Monday 30 January 2012: Sea pie and cockles
No, not on the menu at the local chippy.
These birds are known nowadays by the name oystercatcher but formerly as sea pie. Note that they are black and white like the magpie.
(Sea pie was also layered meat pie guaranteed to fill the belly of any famished sailor.)
These specimens of Haematopus ostralegus were filling their own bellies on the mud flats around Newport/Trefdraeth today, not on oysters (there is no evidence they can manage those robust bivalves) but on smaller shell fish such as mussels, winkles and cockles.
Such is their appetite for the latter, using their pronglike bills to extract and open them, that at one time the cockle pickers of Glamorgan, Lancashire and Norfolk were granted permission to slaughter oystercatchers in large numbers.
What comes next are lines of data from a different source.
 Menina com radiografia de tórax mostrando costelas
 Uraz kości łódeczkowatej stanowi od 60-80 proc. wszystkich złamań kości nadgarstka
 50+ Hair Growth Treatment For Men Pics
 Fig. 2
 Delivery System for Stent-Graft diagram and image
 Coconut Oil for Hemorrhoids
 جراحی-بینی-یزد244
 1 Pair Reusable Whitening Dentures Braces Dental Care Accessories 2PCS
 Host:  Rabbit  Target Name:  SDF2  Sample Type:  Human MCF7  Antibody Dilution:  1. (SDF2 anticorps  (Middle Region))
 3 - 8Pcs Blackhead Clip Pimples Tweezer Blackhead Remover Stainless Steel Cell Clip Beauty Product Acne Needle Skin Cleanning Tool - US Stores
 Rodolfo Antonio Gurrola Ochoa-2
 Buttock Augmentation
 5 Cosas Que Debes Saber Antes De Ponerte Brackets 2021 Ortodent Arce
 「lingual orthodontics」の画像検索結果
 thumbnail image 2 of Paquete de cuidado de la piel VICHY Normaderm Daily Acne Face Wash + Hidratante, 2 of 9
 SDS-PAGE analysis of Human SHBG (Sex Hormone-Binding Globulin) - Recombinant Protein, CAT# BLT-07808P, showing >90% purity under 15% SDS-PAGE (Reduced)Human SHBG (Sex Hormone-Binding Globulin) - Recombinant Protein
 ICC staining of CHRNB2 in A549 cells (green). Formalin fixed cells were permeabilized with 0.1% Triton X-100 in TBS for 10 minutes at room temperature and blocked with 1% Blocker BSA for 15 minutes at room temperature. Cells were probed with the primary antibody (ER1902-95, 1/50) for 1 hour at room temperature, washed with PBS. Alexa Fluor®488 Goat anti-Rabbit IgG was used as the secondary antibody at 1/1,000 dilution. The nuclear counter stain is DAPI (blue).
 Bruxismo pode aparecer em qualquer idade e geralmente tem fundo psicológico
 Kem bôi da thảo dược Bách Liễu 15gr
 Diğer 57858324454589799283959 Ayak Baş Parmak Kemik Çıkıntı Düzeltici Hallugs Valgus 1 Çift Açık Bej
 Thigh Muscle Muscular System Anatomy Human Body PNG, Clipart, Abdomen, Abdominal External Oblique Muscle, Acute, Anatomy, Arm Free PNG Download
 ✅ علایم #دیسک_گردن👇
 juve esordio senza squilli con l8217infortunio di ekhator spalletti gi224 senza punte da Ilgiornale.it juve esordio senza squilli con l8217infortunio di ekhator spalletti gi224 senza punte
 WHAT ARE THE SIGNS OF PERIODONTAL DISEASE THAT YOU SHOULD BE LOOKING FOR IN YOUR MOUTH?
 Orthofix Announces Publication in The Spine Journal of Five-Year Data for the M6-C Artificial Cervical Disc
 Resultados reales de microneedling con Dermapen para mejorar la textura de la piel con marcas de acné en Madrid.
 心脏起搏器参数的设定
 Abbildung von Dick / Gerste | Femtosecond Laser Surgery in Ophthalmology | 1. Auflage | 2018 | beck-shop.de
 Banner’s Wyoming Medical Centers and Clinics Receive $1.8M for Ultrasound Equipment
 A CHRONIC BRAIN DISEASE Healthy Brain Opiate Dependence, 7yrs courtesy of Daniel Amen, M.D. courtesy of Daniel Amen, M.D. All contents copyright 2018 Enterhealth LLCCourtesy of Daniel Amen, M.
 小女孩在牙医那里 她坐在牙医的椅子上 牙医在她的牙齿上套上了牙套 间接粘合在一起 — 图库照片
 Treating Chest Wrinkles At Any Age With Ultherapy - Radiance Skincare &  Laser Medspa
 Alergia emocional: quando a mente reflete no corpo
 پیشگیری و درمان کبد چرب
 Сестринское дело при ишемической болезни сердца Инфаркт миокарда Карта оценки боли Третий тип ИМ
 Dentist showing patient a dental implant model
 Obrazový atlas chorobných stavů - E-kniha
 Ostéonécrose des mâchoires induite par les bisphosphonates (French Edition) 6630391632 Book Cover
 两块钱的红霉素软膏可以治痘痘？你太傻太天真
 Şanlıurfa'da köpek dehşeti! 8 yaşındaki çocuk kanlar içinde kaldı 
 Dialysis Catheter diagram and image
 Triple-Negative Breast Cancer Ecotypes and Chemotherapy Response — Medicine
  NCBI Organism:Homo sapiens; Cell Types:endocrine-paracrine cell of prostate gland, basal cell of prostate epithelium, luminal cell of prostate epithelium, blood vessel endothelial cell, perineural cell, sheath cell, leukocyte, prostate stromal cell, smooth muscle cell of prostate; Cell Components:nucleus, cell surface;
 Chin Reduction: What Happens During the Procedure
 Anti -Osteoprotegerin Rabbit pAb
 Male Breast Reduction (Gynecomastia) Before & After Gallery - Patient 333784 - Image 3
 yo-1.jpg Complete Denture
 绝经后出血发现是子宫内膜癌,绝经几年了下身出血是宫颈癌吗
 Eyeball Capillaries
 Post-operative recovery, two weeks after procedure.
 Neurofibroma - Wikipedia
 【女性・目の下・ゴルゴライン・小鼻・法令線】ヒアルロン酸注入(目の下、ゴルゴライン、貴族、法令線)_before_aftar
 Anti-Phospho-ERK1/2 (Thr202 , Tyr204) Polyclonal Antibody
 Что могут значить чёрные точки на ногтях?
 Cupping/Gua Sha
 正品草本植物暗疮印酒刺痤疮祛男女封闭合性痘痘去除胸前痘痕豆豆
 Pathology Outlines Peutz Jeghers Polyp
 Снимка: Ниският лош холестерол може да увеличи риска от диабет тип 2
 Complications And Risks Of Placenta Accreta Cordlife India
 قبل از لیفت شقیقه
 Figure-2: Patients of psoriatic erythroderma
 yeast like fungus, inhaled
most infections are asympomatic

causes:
It seems a shame because they are handsome birds and make a striking sight gathered on the shore. In summer they always seem to arrive in the late afternoon just as weary families are leaving the beach. The birds reclaim the strand and make the place their own again. Their piping whistle is instantly evocative of those quiet moments at the end of the day.
A short video clip conveys something like this taking place in Norway - about halfway through you see and hear the birds in flight.
It was bitterly cold on the coast today and snow has fallen in the hills.